**WHAT YOU SHOULD DO**
All of the data goes into your copy exactly as written. Images do not.
DATA SECTION below:
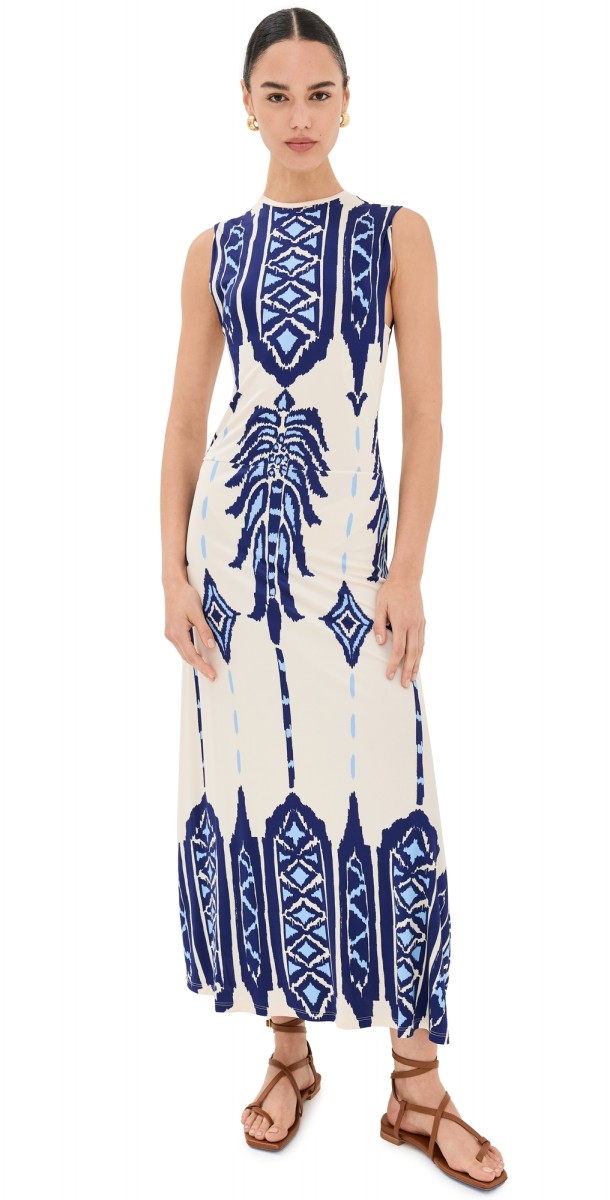 Johanna Ortiz Cardinal Direction Ankle Dress Apacheria Ecru/Blue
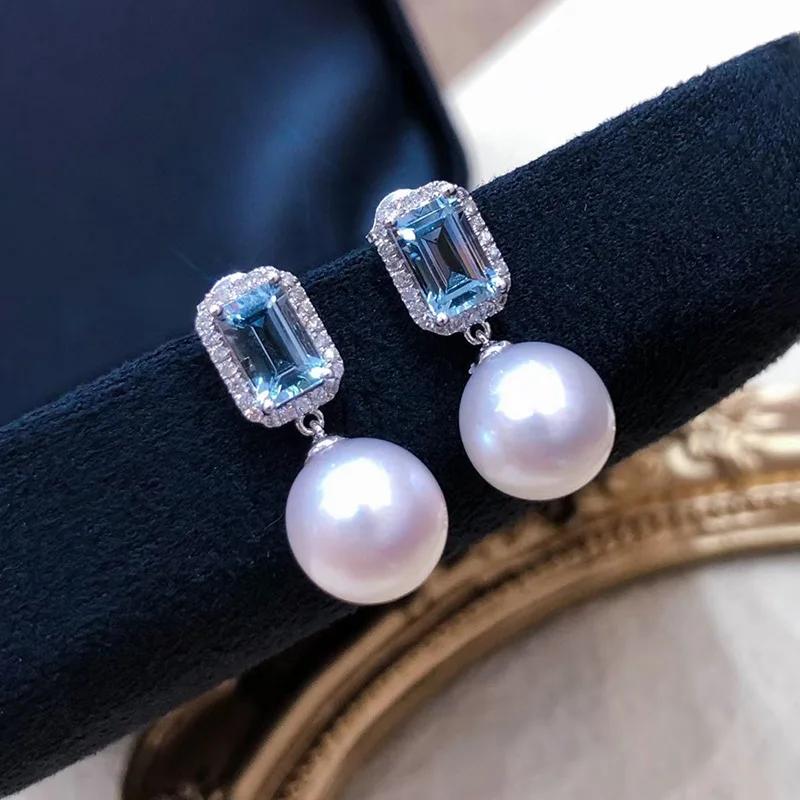Sweet And Luxurious Jewelry, European And American Sparkling Personality, Bride'S Wedding, Blue Zircon Earrings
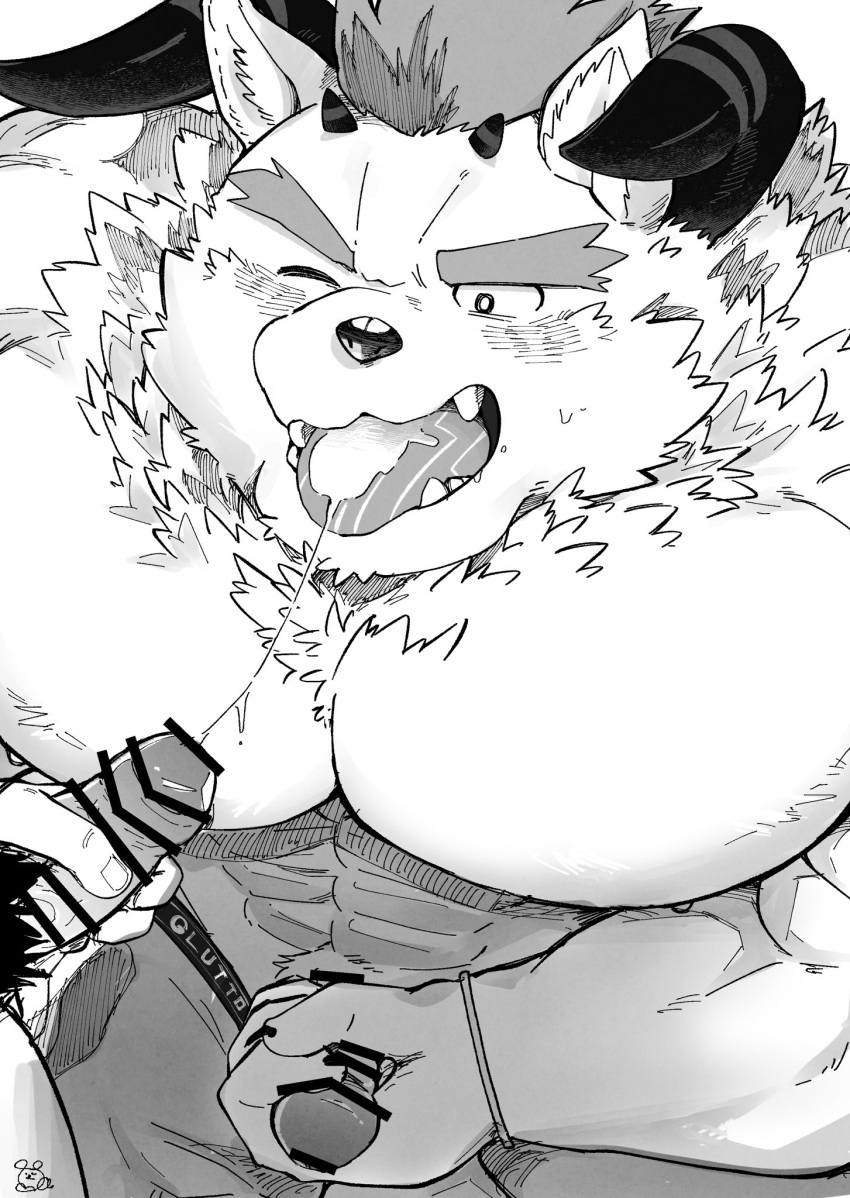 abs anthro balls behemoth_(housamo) blush bodily_fluids cum cum_in_mouth cum_inside duo erection eyebrows genital_fluids genitals hi_res horn lifewonders male male/male masturbation monster muscular muscular_anthro muscular_male nipples pecs penis rudolph_trnd thick_eyebrows tokyo_afterschool_summoners tongue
End of DATA SECTION.
**RESULT OF THE EXERCISE**
 Johanna Ortiz Cardinal Direction Ankle Dress Apacheria Ecru/Blue
Sweet And Luxurious Jewelry, European And American Sparkling Personality, Bride'S Wedding, Blue Zircon Earrings
 abs anthro balls behemoth_(housamo) blush bodily_fluids cum cum_in_mouth cum_inside duo erection eyebrows genital_fluids genitals hi_res horn lifewonders male male/male masturbation monster muscular muscular_anthro muscular_male nipples pecs penis rudolph_trnd thick_eyebrows tokyo_afterschool_summoners tongue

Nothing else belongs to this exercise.